Three pieces of timber of lengths 63m, 42m and 35m, have to be divided into planks of the same length. What is the greatest possible length of each plank?

To find the greatest possible length of each plank that can be cut from the three pieces of timber measuring 63m, 42m, and 35m, we need to determine the highest common factor (HCF) of these three lengths.
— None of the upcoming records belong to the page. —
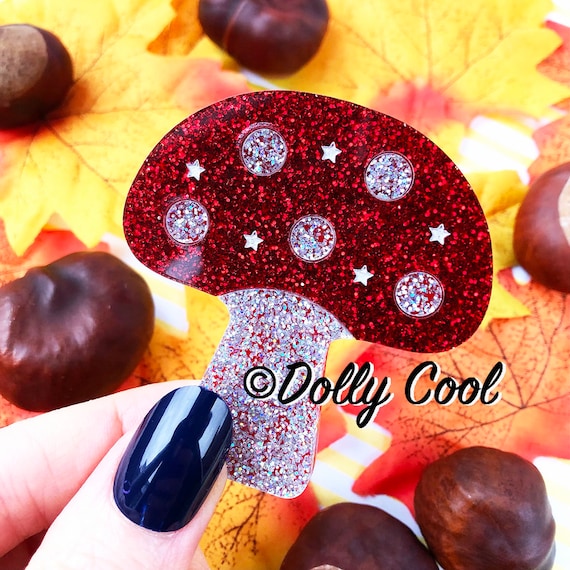 Mushroom Brooch in Red Glitter by Dolly Cool - Holographic - Fakelite - Toadstool - Fairy Ring- Magic - Woodland - Fly Agaric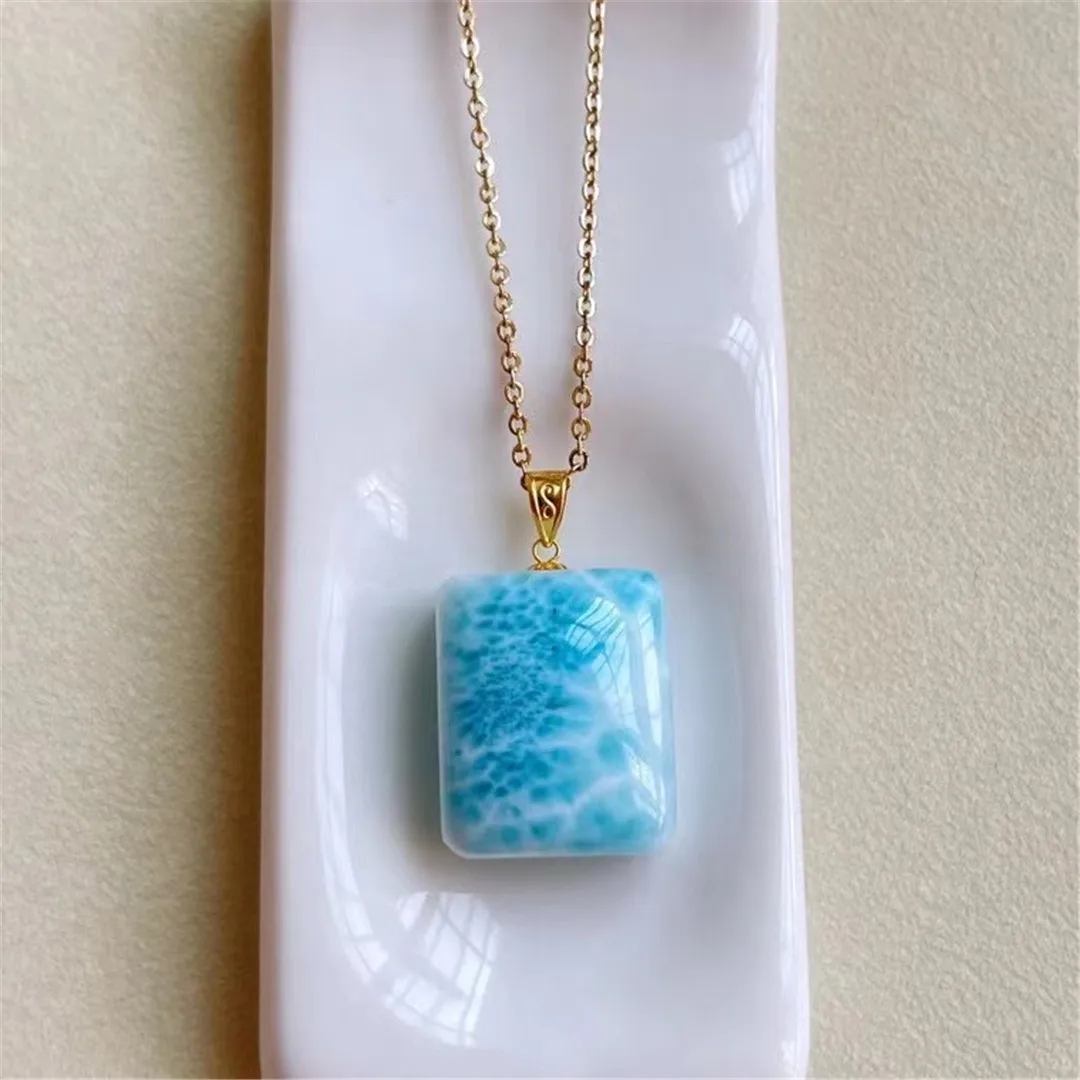 

Natural Blue Larimar Stone Pendant Jewelry 18K Gold Women Men Wealth Gift 17x14x8mm Beads Dominica Water Pattern Crystal AAAAA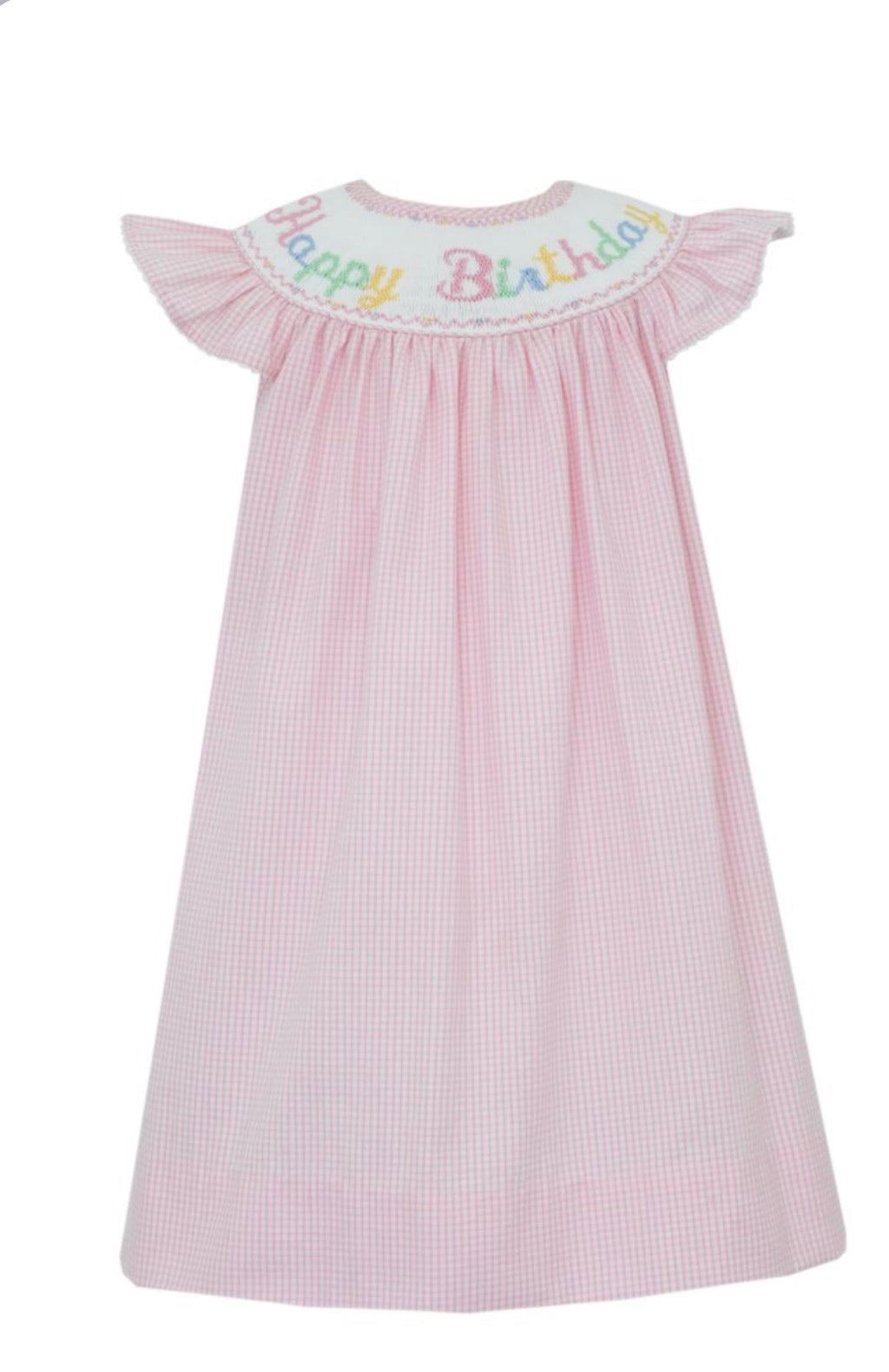 HAPPY BIRTHDAY GIRL´S- Pink Seersucker Check Angel Wing Bishop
Here are the steps to solve the problem: ### Step 1: Factorize each length - **63**: The prime factorization of 63 is \(3 \times 3 \times 7\) or \(3^2 \times 7\). - **42**: The prime factorization of 42 is \(2 \times 3 \times 7\). - **35**: The prime factorization of 35 is \(5 \times 7\). ### Step 2: Identify the common factors Now, we will identify the common prime factors from the factorizations: - From 63: \(3^2, 7\) - From 42: \(2, 3, 7\) - From 35: \(5, 7\) The only common prime factor among all three lengths is \(7\). ### Step 3: Determine the HCF The HCF is the product of the lowest powers of all common prime factors. Here, the only common factor is \(7\) (which has the power of \(1\) in all factorizations). Therefore, the HCF of 63, 42, and 35 is: \[ \text{HCF} = 7 \] ### Step 4: Conclusion The greatest possible length of each plank that can be cut from the three pieces of timber is **7 meters**.